Over one million of those euro-things to reach conclusions you've known the last 12 months? Surely there must have been better ways to spend that kind of scratch. Like splitting the money among 15 people who lost their jobs. Do you know how many escargots your average French citizen could buy with 66,000 euros? A beaucoup amount, that's how many! 

And if they got tired of snails swimming in Pouilly-Fuisse, they could indulge in espresso and Gauloises to their cœur's content. Maybe it would take their minds off protesting the whatever their latest grievance is. Which by rights should be scientists blowing money on useless studies.

I think this is from Alphaville, but really, it
could be any French movie from the '60s.

Maybe another study could learn why French movies are boring and self-indulgent. Did everybody in the industry suddenly start dropping downers and reading Proust 24/7? Or should we just blame it on Jean-Luc Godard. 

Lord knows I tried enjoying Godard "classics", like Alphaville and A Bout de Souffle (which I thought would be a delightful comedy about an egg lover). I even checked out his 1987 take on King Lear, featuring those eminent Shakespearean thespians Norman Mailer, Molly Ringwald and Woody Allen. 

From this trio of movies alone, I discovered there were only three reactions any normal person would have to anything directed by Godard:

                                      Falling asleep.

                                      Going for popcorn and never returning.

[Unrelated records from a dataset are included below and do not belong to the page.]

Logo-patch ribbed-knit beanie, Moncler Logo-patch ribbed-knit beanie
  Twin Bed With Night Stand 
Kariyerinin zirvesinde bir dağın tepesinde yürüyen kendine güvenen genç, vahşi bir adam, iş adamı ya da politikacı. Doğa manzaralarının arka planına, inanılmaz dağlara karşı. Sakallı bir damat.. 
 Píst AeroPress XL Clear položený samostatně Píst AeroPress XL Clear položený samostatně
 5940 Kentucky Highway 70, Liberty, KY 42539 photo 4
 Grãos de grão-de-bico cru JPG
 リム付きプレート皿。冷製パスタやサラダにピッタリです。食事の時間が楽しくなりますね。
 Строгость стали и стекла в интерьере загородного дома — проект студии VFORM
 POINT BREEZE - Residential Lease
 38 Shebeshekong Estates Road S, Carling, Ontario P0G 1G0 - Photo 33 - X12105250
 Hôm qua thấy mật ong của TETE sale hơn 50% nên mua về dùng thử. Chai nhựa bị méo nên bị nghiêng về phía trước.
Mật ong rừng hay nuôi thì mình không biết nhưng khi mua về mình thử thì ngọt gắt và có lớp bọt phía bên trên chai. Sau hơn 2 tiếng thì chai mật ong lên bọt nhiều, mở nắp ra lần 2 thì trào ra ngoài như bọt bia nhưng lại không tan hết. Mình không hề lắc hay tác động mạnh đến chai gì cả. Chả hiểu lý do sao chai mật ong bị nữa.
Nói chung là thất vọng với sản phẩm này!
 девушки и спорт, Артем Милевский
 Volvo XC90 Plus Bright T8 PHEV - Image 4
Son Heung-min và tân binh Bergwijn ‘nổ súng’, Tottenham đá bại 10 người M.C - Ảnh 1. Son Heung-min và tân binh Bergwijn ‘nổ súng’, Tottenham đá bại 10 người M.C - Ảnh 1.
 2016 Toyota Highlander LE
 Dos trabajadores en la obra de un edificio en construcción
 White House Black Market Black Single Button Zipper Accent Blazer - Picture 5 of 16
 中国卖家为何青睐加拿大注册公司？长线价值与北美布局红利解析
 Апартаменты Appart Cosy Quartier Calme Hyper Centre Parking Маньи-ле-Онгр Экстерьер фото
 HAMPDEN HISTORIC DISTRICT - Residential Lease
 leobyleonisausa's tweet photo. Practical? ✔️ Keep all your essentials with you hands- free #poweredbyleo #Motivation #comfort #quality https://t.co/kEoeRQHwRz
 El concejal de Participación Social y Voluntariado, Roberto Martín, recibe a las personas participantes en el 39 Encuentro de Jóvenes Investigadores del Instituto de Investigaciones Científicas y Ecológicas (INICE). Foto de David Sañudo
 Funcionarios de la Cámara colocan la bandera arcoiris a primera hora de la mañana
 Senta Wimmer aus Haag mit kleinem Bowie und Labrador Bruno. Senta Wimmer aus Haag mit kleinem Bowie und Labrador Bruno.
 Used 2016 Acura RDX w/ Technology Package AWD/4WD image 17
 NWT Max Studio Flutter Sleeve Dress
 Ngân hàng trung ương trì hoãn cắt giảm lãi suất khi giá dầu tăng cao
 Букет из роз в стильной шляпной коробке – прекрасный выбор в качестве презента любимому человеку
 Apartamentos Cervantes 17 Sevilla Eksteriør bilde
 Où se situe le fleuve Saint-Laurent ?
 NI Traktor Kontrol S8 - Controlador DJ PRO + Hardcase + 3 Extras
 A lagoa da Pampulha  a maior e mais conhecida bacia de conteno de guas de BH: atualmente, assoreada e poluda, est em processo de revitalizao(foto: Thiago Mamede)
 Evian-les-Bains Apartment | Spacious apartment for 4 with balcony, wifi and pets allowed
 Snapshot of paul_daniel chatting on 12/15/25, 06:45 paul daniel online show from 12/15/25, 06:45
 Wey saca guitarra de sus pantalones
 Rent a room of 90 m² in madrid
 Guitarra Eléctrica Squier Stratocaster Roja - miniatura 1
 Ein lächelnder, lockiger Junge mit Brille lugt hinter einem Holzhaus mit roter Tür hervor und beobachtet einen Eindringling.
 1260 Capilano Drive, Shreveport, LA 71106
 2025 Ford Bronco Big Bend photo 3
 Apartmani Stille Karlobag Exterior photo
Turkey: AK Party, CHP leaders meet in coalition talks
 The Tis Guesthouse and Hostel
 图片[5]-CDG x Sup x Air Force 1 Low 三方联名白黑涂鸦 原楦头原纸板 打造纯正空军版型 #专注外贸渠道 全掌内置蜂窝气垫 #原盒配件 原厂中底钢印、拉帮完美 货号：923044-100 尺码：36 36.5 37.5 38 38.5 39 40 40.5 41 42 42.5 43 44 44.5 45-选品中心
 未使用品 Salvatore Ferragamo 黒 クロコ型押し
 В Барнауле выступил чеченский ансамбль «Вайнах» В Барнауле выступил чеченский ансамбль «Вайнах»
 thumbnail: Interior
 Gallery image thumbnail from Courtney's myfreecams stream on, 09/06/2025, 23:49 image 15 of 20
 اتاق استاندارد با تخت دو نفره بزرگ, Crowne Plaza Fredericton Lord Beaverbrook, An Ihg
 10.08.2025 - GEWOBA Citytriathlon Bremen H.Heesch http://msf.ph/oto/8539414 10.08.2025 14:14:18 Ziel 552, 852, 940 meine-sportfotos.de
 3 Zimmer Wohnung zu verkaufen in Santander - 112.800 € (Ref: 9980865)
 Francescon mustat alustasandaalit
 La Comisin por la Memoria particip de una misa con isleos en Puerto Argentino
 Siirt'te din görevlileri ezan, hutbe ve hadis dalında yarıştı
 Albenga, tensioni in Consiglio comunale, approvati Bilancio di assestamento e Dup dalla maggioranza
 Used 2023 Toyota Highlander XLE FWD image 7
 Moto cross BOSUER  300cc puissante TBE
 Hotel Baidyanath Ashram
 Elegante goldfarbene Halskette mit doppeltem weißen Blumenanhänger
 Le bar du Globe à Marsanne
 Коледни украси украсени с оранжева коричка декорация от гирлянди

                                      Muttering What the fuck is this? for two hours. 

 

Go ahead, you try a direct
translation of The Disorderly
Orderly.

How is it that the French movie industry -- hell, all of France  -- has genuflected at the spastic feet of Jerry Lewis, yet never released a comedy that anybody outside their country can name off the top of their heads? 

None of this is to demean the country itself. My family and I had a wonderful time biking through the South of France some years ago. And it was the first time I ordered bull at a restaurant. (If you're wondering, bull tastes like a really powerful steak.) 

Nope, France is fine. It's just that, like all countries, there are always better ways to spend its money. Their scientists have un ouvrir l'invitation to swing by my place if they want to set up a study on drastic changes in living.

Check it out: We just got a new cable box/DVR that can store even more movies than our last one. You know what 40 days worth of TCM can do to one's perception of time?

Wait, don't tell the scientists. I want those million euros for myself.